* What you have to do
What lines in the records below hold the string "from"? Please show them.

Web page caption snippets
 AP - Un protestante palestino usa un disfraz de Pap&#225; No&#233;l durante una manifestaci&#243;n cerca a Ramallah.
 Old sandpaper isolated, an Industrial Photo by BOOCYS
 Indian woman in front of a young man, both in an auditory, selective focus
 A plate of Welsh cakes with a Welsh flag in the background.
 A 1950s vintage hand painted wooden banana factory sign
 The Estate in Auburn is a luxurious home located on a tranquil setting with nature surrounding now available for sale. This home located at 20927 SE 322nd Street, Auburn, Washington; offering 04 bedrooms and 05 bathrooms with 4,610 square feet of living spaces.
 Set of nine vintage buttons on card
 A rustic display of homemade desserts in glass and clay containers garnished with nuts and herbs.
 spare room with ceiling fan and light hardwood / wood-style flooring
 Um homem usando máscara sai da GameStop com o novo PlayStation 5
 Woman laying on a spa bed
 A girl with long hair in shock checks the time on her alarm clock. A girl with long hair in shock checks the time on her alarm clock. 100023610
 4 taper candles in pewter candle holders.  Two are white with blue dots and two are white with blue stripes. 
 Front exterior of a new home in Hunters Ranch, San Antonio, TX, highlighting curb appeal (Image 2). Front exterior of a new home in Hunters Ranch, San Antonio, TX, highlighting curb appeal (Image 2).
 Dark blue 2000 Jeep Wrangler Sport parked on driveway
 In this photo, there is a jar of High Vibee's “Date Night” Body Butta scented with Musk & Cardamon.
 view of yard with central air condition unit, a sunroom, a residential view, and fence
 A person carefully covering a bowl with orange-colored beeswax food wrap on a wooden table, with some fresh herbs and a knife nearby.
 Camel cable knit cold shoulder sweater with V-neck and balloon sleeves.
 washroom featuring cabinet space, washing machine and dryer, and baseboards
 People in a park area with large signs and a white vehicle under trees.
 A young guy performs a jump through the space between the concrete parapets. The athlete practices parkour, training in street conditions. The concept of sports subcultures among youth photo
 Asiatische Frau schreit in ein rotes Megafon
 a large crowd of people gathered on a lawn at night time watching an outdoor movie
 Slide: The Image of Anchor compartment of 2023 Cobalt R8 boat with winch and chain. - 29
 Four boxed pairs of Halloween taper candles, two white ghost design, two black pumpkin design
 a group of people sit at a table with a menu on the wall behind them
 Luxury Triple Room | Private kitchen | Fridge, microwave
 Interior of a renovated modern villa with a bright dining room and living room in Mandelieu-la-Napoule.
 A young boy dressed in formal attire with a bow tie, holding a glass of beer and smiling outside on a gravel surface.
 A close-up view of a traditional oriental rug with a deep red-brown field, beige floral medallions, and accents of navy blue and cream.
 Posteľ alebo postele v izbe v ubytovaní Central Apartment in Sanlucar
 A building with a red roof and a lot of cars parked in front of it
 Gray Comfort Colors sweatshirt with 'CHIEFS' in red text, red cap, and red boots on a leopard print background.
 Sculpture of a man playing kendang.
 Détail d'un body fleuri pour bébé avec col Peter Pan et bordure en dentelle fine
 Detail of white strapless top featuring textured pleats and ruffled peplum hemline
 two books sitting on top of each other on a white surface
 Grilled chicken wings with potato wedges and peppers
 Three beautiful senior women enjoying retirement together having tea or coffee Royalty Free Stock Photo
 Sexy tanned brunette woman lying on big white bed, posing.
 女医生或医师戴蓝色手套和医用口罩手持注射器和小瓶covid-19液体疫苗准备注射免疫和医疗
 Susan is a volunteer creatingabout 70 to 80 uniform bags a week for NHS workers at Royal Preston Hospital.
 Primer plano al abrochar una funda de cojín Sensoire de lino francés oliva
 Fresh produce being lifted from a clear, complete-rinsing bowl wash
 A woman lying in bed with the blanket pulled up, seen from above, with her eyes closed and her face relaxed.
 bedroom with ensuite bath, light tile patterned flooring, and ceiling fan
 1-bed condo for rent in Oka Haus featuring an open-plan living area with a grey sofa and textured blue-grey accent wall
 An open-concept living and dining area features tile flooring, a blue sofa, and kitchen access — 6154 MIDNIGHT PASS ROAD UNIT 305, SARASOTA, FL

* Your response
 Fresh produce being lifted from a clear, complete-rinsing bowl wash
 A woman lying in bed with the blanket pulled up, seen from above, with her eyes closed and her face relaxed.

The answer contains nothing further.